A string of car bombings across Iraq has left dozens of people dead. It is the latest wave of violence in the country, which has spiked to levels not seen in five years.

https://p.dw.com/p/18nIy
Civilians inspect the scene of a car bomb attack at al-Ameen neighborhood in Baghdad, Iraq, Saturday, June 8, 2013. Iraqi authorities say the car bomb explosion has killed and wounded people in a commercial street in the Shiite neighborhood of al-Ameen, southeastern Baghdad. (AP Photo/Karim Kadim)
Image: picture-alliance/dpa

The bombings killed more than 50 people in Iraq Monday, with attacks focusing on markets during the day before shifting to a police base at night.

At least 13 people were killed and around 50 wounded when three car bombs were detonated almost simultaneously near a fruit and vegetable market in the mainly-Shiite town of Jidaidat al-Shatt. The explosions went off at the height of business hours in the town, which lies about 60 kilometers (35 miles) northeast of Baghdad.
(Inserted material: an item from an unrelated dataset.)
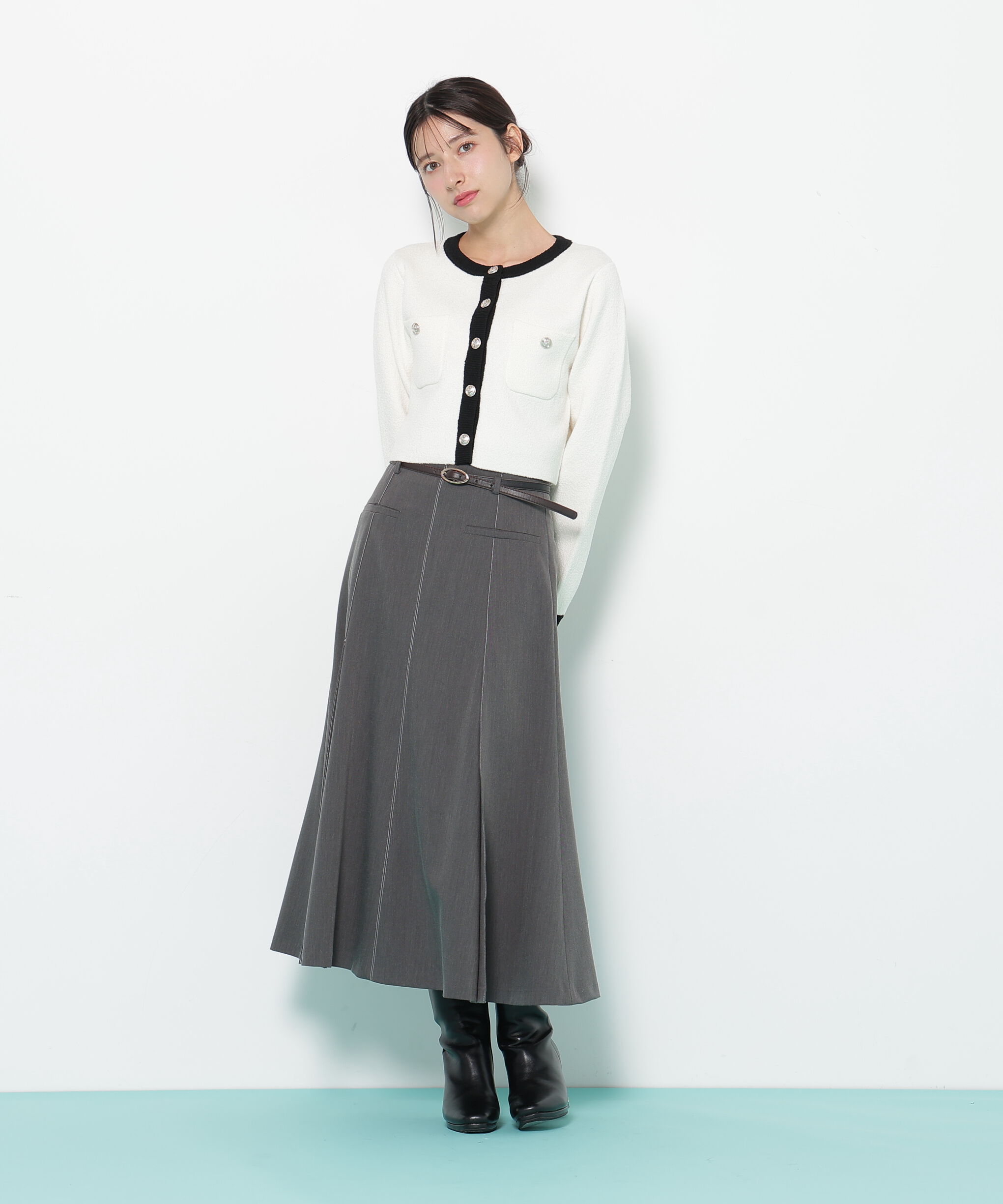  「ブークレーニットジャケット」|ニット・セーター|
Shortly after the attacks, police sealed off the road between Baqouba and Baghdad in an apparent effort to prevent further violence.

In the northern Baghdad suburb of Taji, at least eight more people were killed and 25 wounded in a car bomb explosion near a fish market, police said.

Attacks in the northern cities of Kirkuk, Tuz Khormato, and Tikrit also left at least eight people dead.

In the evening, five car bombs targeting army and police went off in the majority-Sunni city of Mosul, killing at least 24 people, officials said. A curfew has been imposed.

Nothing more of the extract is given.